Açıkça görünüyor ki bir sonraki gelişim
evremiz, şu an mevcut olan durumdan temelde farklı olmalıdır. Şu anki durumumuz
bize neredeyse hiçbir tatmin vermiyor, aksine hayal kırıklığı, gerginlik ve
yorgunluk ile dolu. Artık bu dünya ile heyecanlanmıyoruz. Dünya, egolarımız
tarafından o kadar yoz ve doygun bir hale geldi ki egolarımıza boyun eğmekle
kendimizi ve birbirimizi büyük tehlikeye sokuyoruz.
Bu dünya üzerinde inşa edilecek
hiçbir şey olmadığının farkına daha çok varıyoruz. Evlilik, arkadaşlık, iş,
devlet gibi insan yaşamının temel dayanakları sallantıda ve neredeyse çökmek
üzere. Bu durum, hepimizin arzuladığı ahenkli dünyanın yapısına uygun olmasını
sağlamak üzere bu temel sosyal organları nasıl yeniden düzenleyeceğimizi,
yeniden inşa edeceğimizi araştırmamız için bizi harekete geçiriyor.
Dolayısıyla, hayatlarımızı bir değerlendirmeden geçirirken ve hayal
kırıklıklarımızı hesaplarken, bunu yeni yaşama bir geçiş olarak ve değişim için
bir fırsat olarak görmeye çalışabiliriz.
Gerçekten de çok özel bir
zamandayız, tamamen yeni bir dünyaya doğru yaklaşan bir yoldayız.
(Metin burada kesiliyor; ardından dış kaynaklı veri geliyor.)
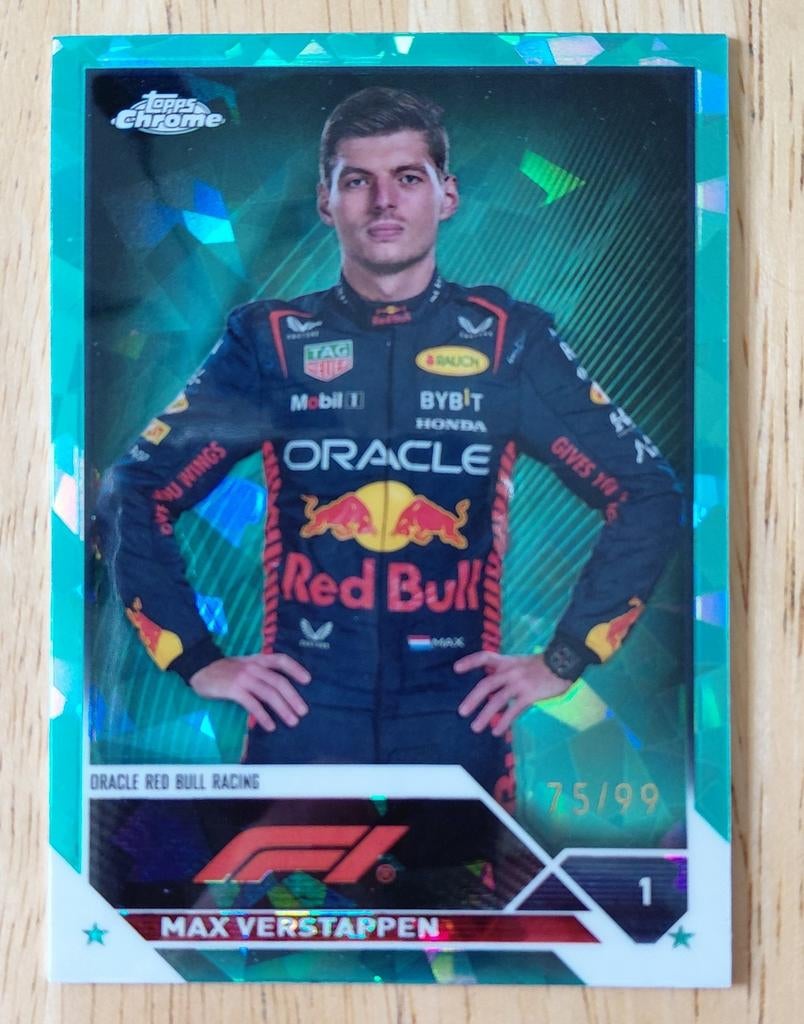 Topps F1 Verstappen 2023 Sapphire aqua #1 portrait 75/99, Verzenden, Zo goed als nieuw, Plaatje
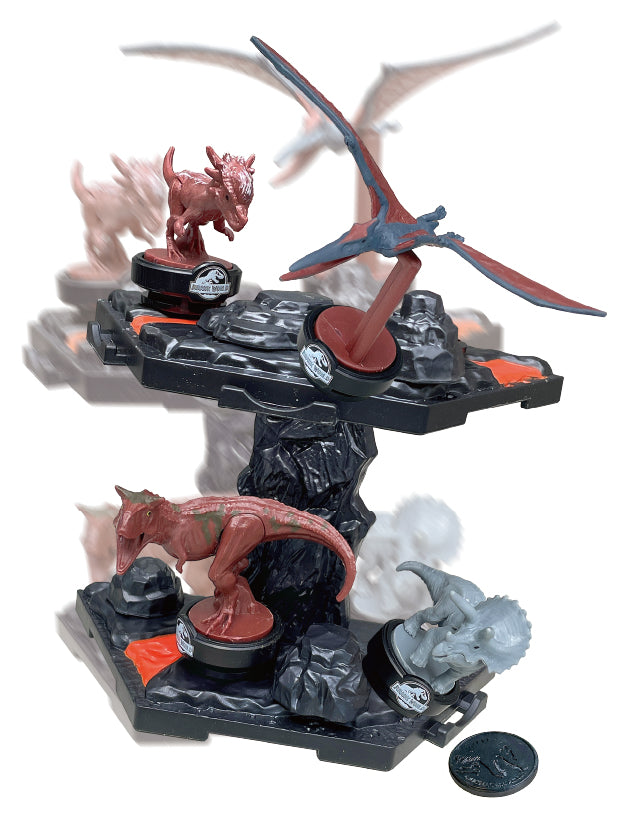 Jeu d'Équilibre - EPOCH GAMES - Jurassic World Volcano Quake - Dinosaures sur Plateforme, Dernier en Place Gagne !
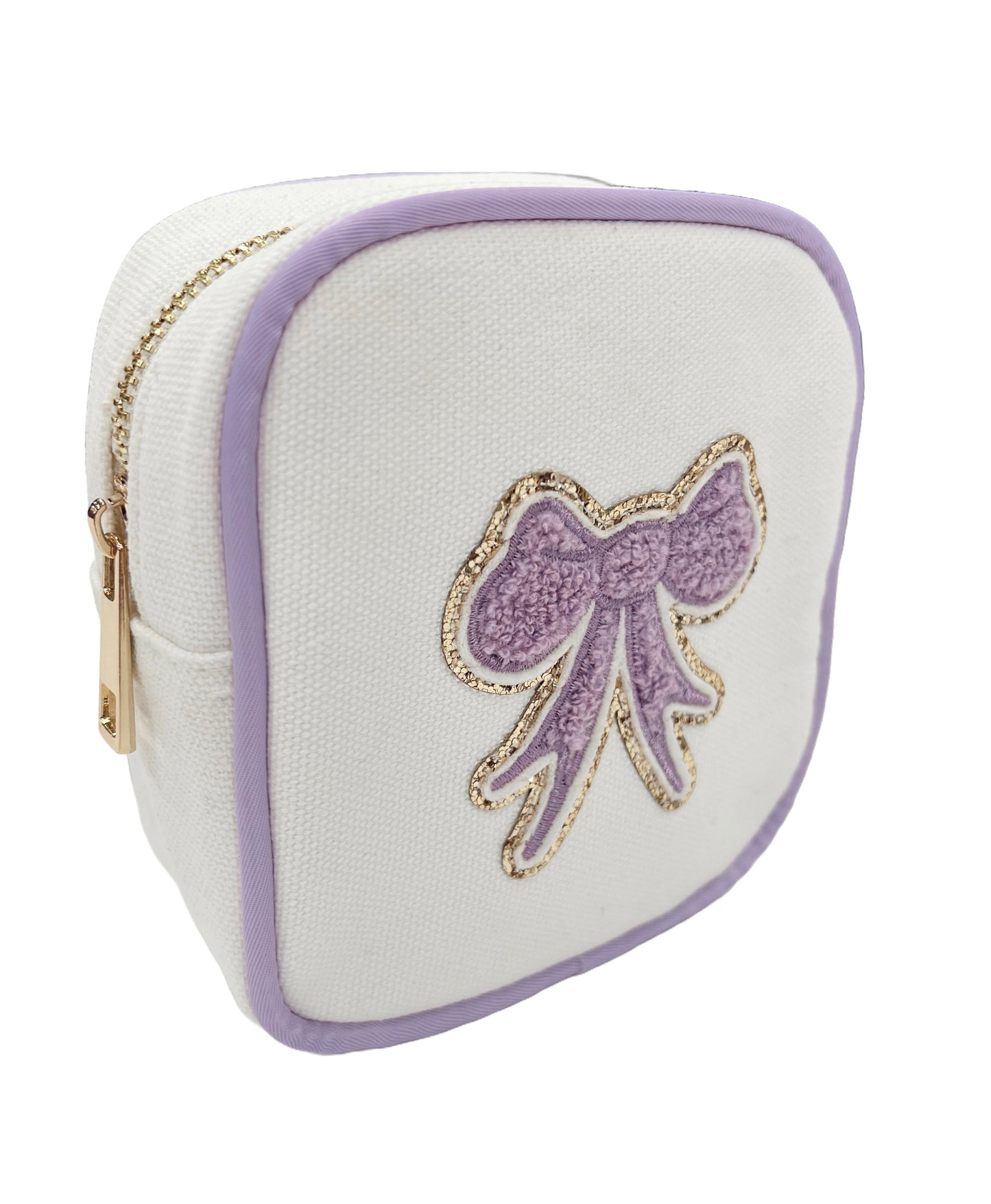 Canvas Embroidered Bow Bag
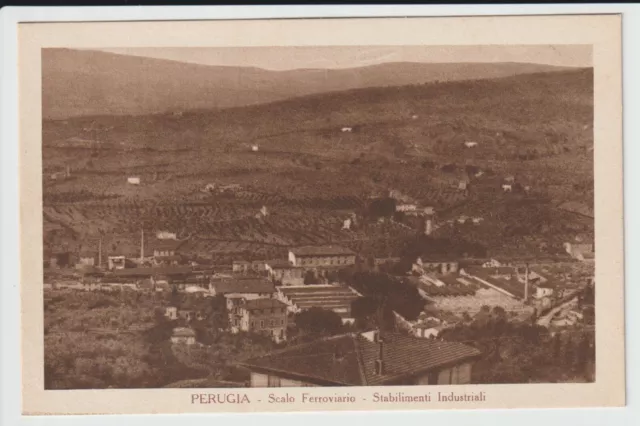 Antica Cartolina Di Perugia - Scalo Ferroviario Stabilim.industr. - Colore Bruno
Geleceğe
doğru yaklaştıkça, işaretler belirginleşiyor: kendimizi birbirimize bağlı ve
eşit hissettiğimiz bir gelecek, büyük bir aileymiş gibi tüm bireylerin
karşılıklı sorumluluğu hissettiği ve dolayısıyla refah içinde ve mutlu olduğu
bir gelecek.
Bu yolun kurallarını, bu yeni dünyanın
kanunlarını öğrenmek bize yardımcı olacaktır, böylece
çocukluktan yetişkinliğe kolaylıkla ve acı çekmeden geçebiliriz. Şimdiye kadar,
doğanın itişiyle gelişiyorduk, yeni arzular ediniyor ve bu arzuları
gerçekleştirmeye zorlanıyorduk.
Artık durum böyle değil. Çıkmaz
sokağa – bencilliğimize – bakarken, bir sonraki adımımızı yeni, manevi bir
yaklaşımla belirlemeliyiz: Bir sonraki durağımız ne ve oraya nasıl varacağız?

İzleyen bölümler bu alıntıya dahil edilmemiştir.